Provided by Melissa Johnson
Categories Recipes
Time 1h30m
Yield 12
Number Of Ingredients 34
Steps:
- Sourdough Prep
- If you're doing the sourdough version, make the sweet stiff starter the night before you plan to bake. After mixing the ingredients, knead the starter dough a bit on your counter to fully incorporate the ingredients, then place the blob in a jar, press it down with your knuckles and cover loosely. The starter should double (or more) in 8-12 hours, and you can proceed with the rest of the instructions.
- Mixing
- Pull 57g/half stick of butter from the refrigerator, unwrap it, and place it on a small plate to soften. Fold the wrapper in half and save it to grease your springform pan and countertop. Reminder: The butter doesn't go into the dough during mixing.

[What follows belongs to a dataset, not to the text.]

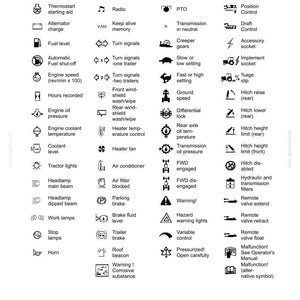 May include: A technical document page titled 2-SAFETY INFORMATION displaying a grid of black and white international symbols for machinery controls. Each icon is paired with its English text label, such as Thermostart, Fuel level, and Warning.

- Whisk the dry ingredients in a large bowl: flour, sugar, (yeast), and salt.
- Add the water, whole egg, egg white, (and sourdough starter broken into pieces). Mix thoroughly until the dough is smooth.
- Pour 1 tablespoon of oil on top of the dough, cover, and let the dough rise until it has more than doubled. In a warm summer kitchen, this took 1 hour for the yeast version and 4.5 hours for the sourdough version.
- Shaping and Final Proof
- Smudge a bit of the softened butter onto your saved butter wrapper and grease a 9-inch springform pan. Use this wrapper to lightly grease your countertop too.
- Scrape the dough out of the bowl and de-gas it by pressing your palms into it.
- Divide the dough in 12-18 pieces. See the photo galleries for different outcomes with fewer large pieces (yeast) versus more smaller pieces (sourdough).
- Working one piece at a time, spread the dough thin with butter-coated fingertips. Don't worry if you tear the dough a bit.
- Layer more butter on the thin dough, then sprinkle it with nigella seeds. (Have a paper towel nearby to occasionally de-seed your buttery fingers as the seeds will shred the next dough ball.)
- Fold the dough in thirds, and then roll it from a short side.
- Place the roll in your pan, working from the center outward. It's okay if the rolls topple over a bit. You can adjust them later, and a little chaos adds to the appeal.
- When all the rolls are done, cover your pan and let the dough rise until it has more than doubled. This was 1 hour for the yeast version and 2.5 hours for the sourdough version. See the photo gallery for expansion.
- Baking
- Preheat your oven to 350F.
- Beat the egg yolk with a tablespoon of water and brush the top of the dough. Sprinkle with nigella seeds and bake for 30 minutes uncovered.
- Let the dough cool on a rack for about 20 minutes before you remove the outer ring of the pan. Serve on the base.
Tips:
- Use fresh barley flour: Fresh barley flour will give your bread a better flavor and texture.
- Soak the barley flour before baking: Soaking the barley flour will help to soften it and make it easier to work with. You can soak the flour in water for up to 24 hours, but 1 hour is usually sufficient.
- Use a warm oven: The oven should be preheated to 375 degrees Fahrenheit before baking the bread. This will help to create a crispy crust.
- Bake the bread until it is golden brown: The bread is done baking when it is golden brown and a toothpick inserted into the center comes out clean. This usually takes about 45-60 minutes.
- Let the bread cool before slicing: Let the bread cool for at least 15 minutes before slicing. This will help to prevent the bread from crumbling.
Conclusion:
Jewish barley bread is a delicious and nutritious bread that can be enjoyed by people of all ages. It is a good source of fiber, protein, and vitamins. Jewish barley bread can be made with a variety of different ingredients, so you can find a recipe that suits your taste. If you are looking for a tasty and healthy bread to add to your diet, Jewish barley bread is a great option.